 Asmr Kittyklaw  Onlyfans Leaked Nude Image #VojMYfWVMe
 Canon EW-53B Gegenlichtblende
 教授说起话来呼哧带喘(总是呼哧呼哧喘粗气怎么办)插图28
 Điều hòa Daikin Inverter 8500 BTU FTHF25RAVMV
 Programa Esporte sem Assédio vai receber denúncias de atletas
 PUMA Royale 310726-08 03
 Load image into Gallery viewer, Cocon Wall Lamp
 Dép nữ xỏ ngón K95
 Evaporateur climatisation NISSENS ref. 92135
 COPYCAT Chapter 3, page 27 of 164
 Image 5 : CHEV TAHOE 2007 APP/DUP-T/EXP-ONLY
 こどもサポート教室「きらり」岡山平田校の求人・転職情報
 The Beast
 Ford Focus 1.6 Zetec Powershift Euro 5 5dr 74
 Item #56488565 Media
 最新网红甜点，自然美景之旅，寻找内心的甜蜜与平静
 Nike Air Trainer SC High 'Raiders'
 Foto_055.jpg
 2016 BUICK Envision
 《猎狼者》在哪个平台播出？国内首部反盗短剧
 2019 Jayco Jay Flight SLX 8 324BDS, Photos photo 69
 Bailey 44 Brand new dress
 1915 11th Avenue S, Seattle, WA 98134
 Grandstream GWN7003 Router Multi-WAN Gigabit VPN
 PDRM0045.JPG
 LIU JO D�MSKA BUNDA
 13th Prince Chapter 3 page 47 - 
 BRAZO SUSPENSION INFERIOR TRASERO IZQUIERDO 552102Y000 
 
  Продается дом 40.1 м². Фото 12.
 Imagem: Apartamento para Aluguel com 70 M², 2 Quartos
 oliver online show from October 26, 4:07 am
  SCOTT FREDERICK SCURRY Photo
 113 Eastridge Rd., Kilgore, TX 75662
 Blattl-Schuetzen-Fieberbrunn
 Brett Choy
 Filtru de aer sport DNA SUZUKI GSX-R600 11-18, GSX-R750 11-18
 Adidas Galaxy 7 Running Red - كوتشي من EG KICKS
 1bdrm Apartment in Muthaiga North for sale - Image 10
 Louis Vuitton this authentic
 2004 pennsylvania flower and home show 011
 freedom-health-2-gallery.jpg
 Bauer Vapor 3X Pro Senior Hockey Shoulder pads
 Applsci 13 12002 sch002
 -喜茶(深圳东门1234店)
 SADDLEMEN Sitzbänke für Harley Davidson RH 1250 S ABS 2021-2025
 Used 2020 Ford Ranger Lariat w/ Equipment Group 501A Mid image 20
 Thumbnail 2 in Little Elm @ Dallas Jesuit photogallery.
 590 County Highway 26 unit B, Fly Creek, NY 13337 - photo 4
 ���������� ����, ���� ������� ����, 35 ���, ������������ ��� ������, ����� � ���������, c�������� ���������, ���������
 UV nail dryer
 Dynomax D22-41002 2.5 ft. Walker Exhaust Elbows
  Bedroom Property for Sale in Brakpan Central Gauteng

++++++++++++++++++++

■ BRIEF:
Would you restate every record word for word?

■ WORKED SOLUTION:
 Asmr Kittyklaw  Onlyfans Leaked Nude Image #VojMYfWVMe
 Canon EW-53B Gegenlichtblende
 教授说起话来呼哧带喘(总是呼哧呼哧喘粗气怎么办)插图28
 Điều hòa Daikin Inverter 8500 BTU FTHF25RAVMV
 Programa Esporte sem Assédio vai receber denúncias de atletas
 PUMA Royale 310726-08 03
 Load image into Gallery viewer, Cocon Wall Lamp
 Dép nữ xỏ ngón K95
 Evaporateur climatisation NISSENS ref. 92135
 COPYCAT Chapter 3, page 27 of 164
 Image 5 : CHEV TAHOE 2007 APP/DUP-T/EXP-ONLY
 こどもサポート教室「きらり」岡山平田校の求人・転職情報
 The Beast
 Ford Focus 1.6 Zetec Powershift Euro 5 5dr 74
 Item #56488565 Media
 最新网红甜点，自然美景之旅，寻找内心的甜蜜与平静
 Nike Air Trainer SC High 'Raiders'
 Foto_055.jpg
 2016 BUICK Envision
 《猎狼者》在哪个平台播出？国内首部反盗短剧
 2019 Jayco Jay Flight SLX 8 324BDS, Photos photo 69
 Bailey 44 Brand new dress
 1915 11th Avenue S, Seattle, WA 98134
 Grandstream GWN7003 Router Multi-WAN Gigabit VPN
 PDRM0045.JPG
 LIU JO D�MSKA BUNDA
 13th Prince Chapter 3 page 47 - 
 BRAZO SUSPENSION INFERIOR TRASERO IZQUIERDO 552102Y000 
 
  Продается дом 40.1 м². Фото 12.
 Imagem: Apartamento para Aluguel com 70 M², 2 Quartos
 oliver online show from October 26, 4:07 am
  SCOTT FREDERICK SCURRY Photo
 113 Eastridge Rd., Kilgore, TX 75662
 Blattl-Schuetzen-Fieberbrunn
 Brett Choy
 Filtru de aer sport DNA SUZUKI GSX-R600 11-18, GSX-R750 11-18
 Adidas Galaxy 7 Running Red - كوتشي من EG KICKS
 1bdrm Apartment in Muthaiga North for sale - Image 10
 Louis Vuitton this authentic
 2004 pennsylvania flower and home show 011
 freedom-health-2-gallery.jpg
 Bauer Vapor 3X Pro Senior Hockey Shoulder pads
 Applsci 13 12002 sch002
 -喜茶(深圳东门1234店)
 SADDLEMEN Sitzbänke für Harley Davidson RH 1250 S ABS 2021-2025
 Used 2020 Ford Ranger Lariat w/ Equipment Group 501A Mid image 20
 Thumbnail 2 in Little Elm @ Dallas Jesuit photogallery.
 590 County Highway 26 unit B, Fly Creek, NY 13337 - photo 4
 ���������� ����, ���� ������� ����, 35 ���, ������������ ��� ������, ����� � ���������, c�������� ���������, ���������
 UV nail dryer
 Dynomax D22-41002 2.5 ft. Walker Exhaust Elbows
  Bedroom Property for Sale in Brakpan Central Gauteng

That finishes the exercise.